Historic cemetery in Massachusetts, United States

The Old Burying Ground is the oldest documented cemetery in Watertown, Massachusetts, United States. Located at the junction of Arlington and Mount Auburn Streets in eastern Watertown, its oldest documented grave site dates to 1665, and it remained in active use into the 20th century. It was the town's first formal cemetery, and remained its only one until 1754, when the Common Street Cemetery was established. The cemetery was listed on the National Register of Historic Places in 2022.

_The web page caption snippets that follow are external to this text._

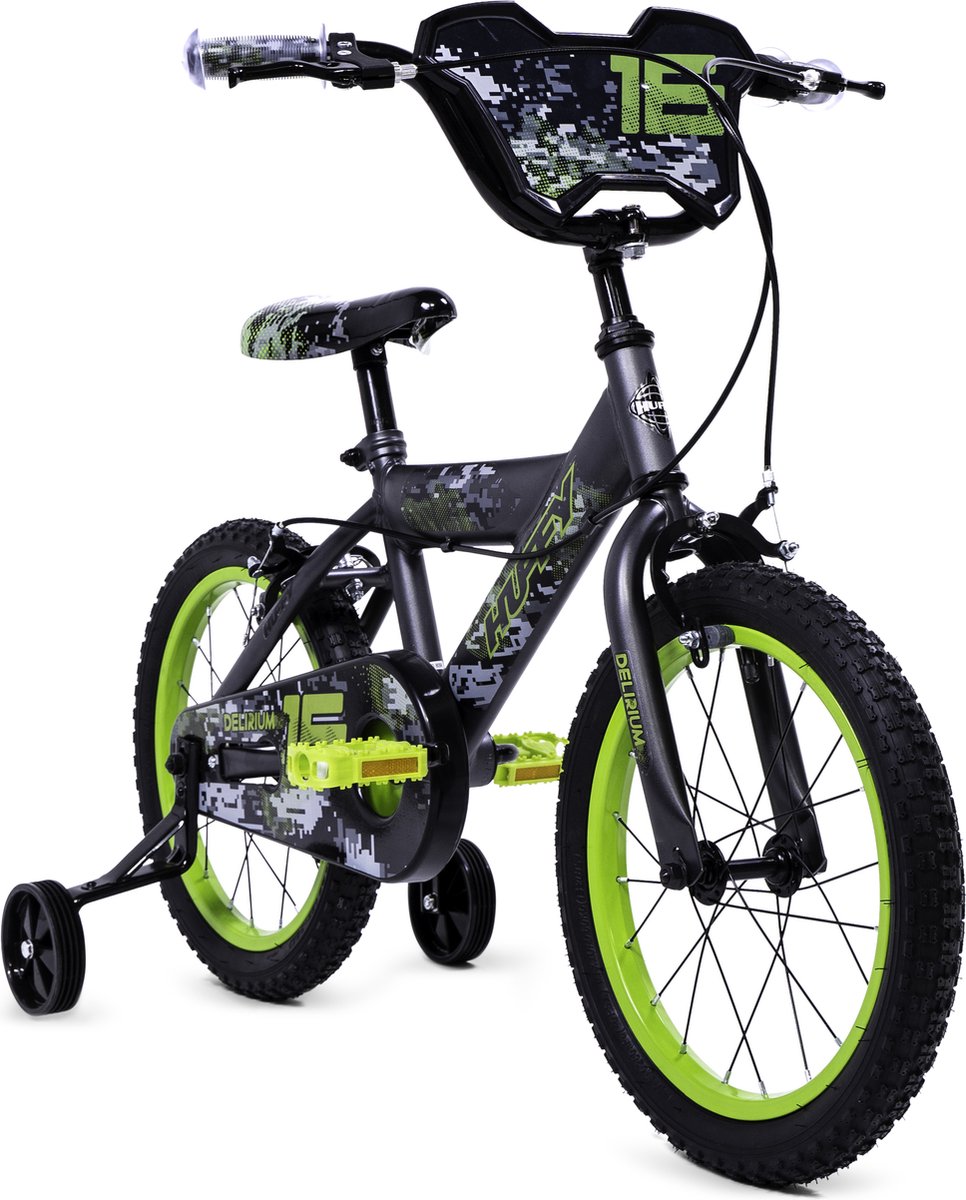 Huffy Delirium 16 Inch Jongensfiets - Grijs en Groen BMX-stijl Kinderfiets Kinderfiets kopen online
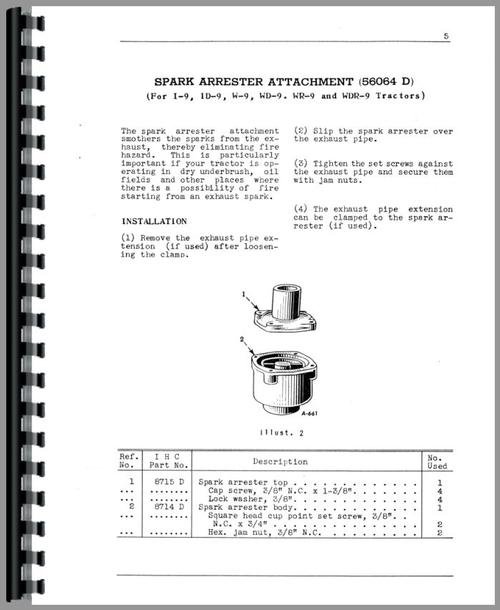 Operators Manual for Mccormick Deering WDR9 Tractor Attachments Sample Page From Manual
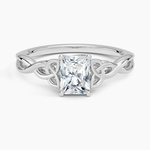 Celtic Love Knot Ring Platinum Radiant Engagement Ring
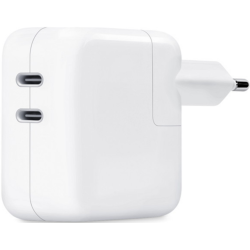 Official Apple 35W Dual USB-C Power Adapter New - Ταχυφορτιστής Ταξιδιού / Αντάπτορας με 2 x Type-C - 35W - White (MW2K3ZM/A)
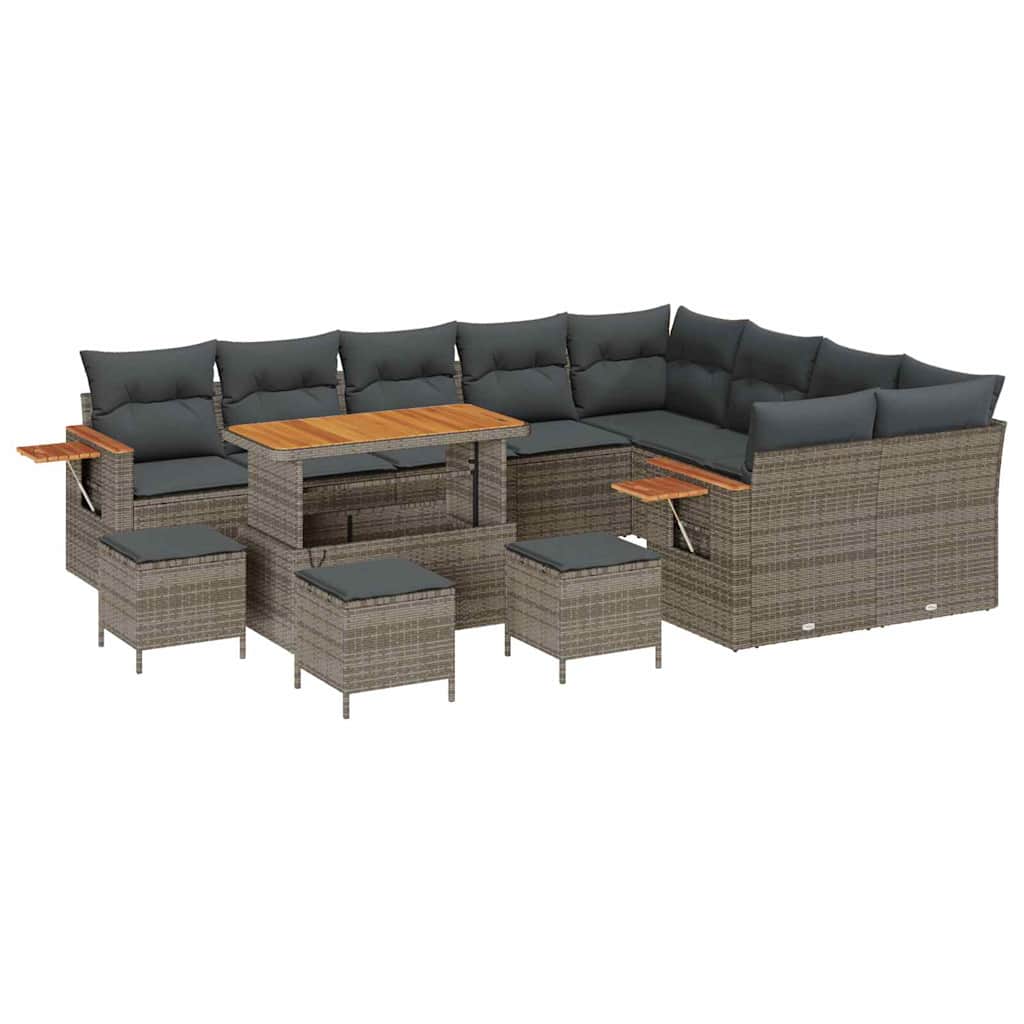 Gartensofa-set mit Kissen 14 pcs Grau Poly-Rattan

==Description and history==
Watertown's Old Burying Ground occupies 1.24 acre of relatively flat terrain at the southeast corner of Arlington and Mount Auburn Streets. It is a roughly trapezoidal parcel, with fieldstone walls on the street-facing edges, surmounted by metal picket fencing. The cemetery is grassy, with a scattering of trees in the interior and near the perimeters. There is no formal circulation pattern within the walls; foot access is via a gate on Arlington Street. There are estimated to be more than 300 burials.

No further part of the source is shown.